*Goal of the exercise*
Nothing but the lines below from the one with "Zouk Dancer Omg" through the one with "Фотография: Беспорядки в" should be output, each exactly as given, and no pictures.

*Provided records*
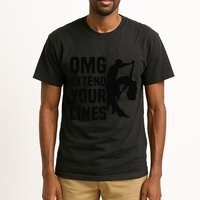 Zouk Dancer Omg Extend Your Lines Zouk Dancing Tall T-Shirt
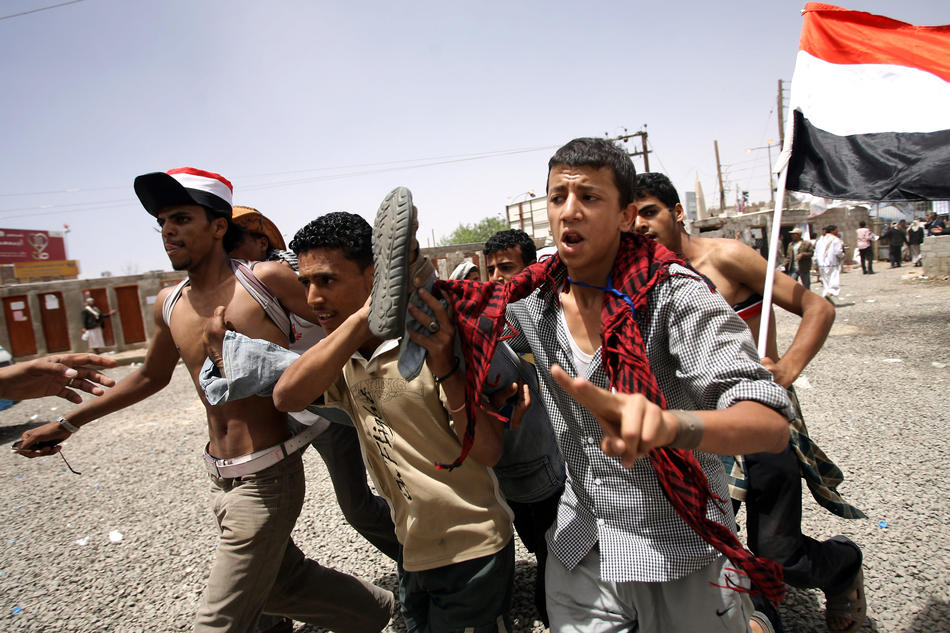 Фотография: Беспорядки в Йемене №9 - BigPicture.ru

--

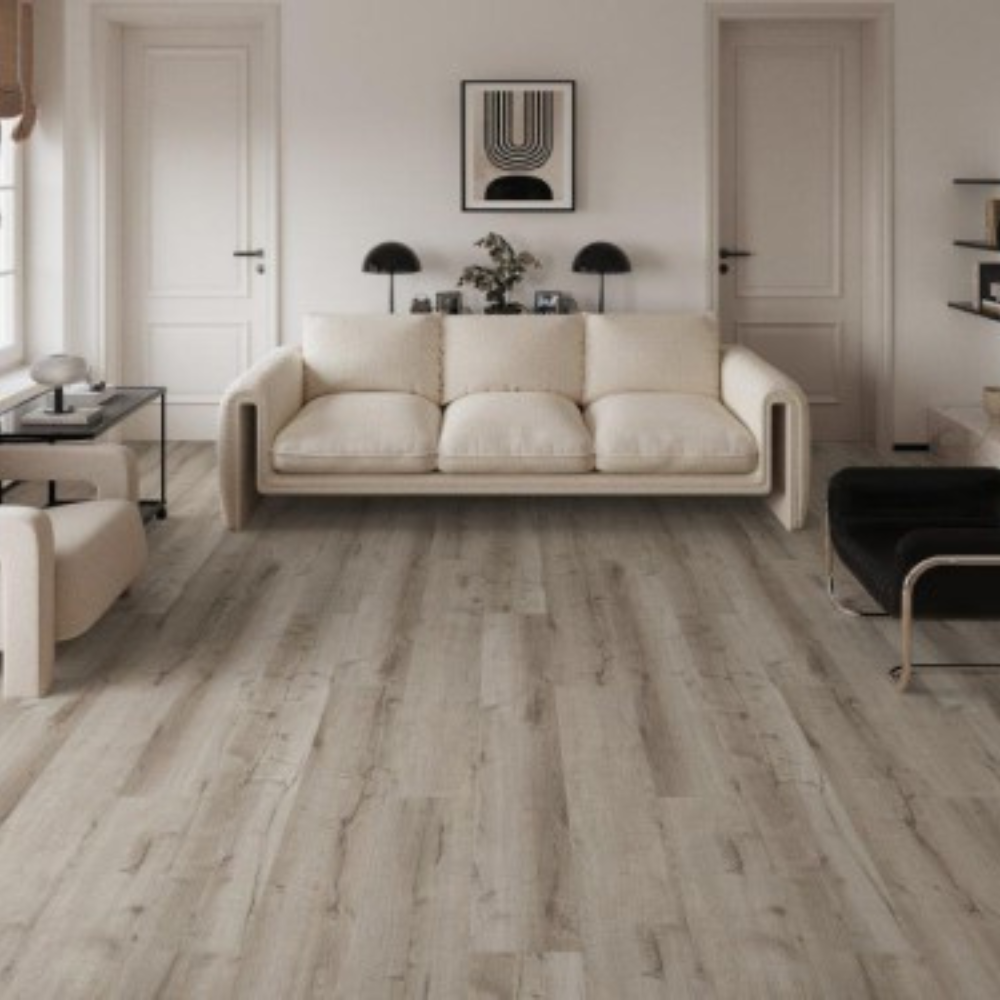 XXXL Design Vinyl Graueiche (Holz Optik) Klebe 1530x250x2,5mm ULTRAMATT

*Exercise result*
 Zouk Dancer Omg Extend Your Lines Zouk Dancing Tall T-Shirt
 Фотография: Беспорядки в Йемене №9 - BigPicture.ru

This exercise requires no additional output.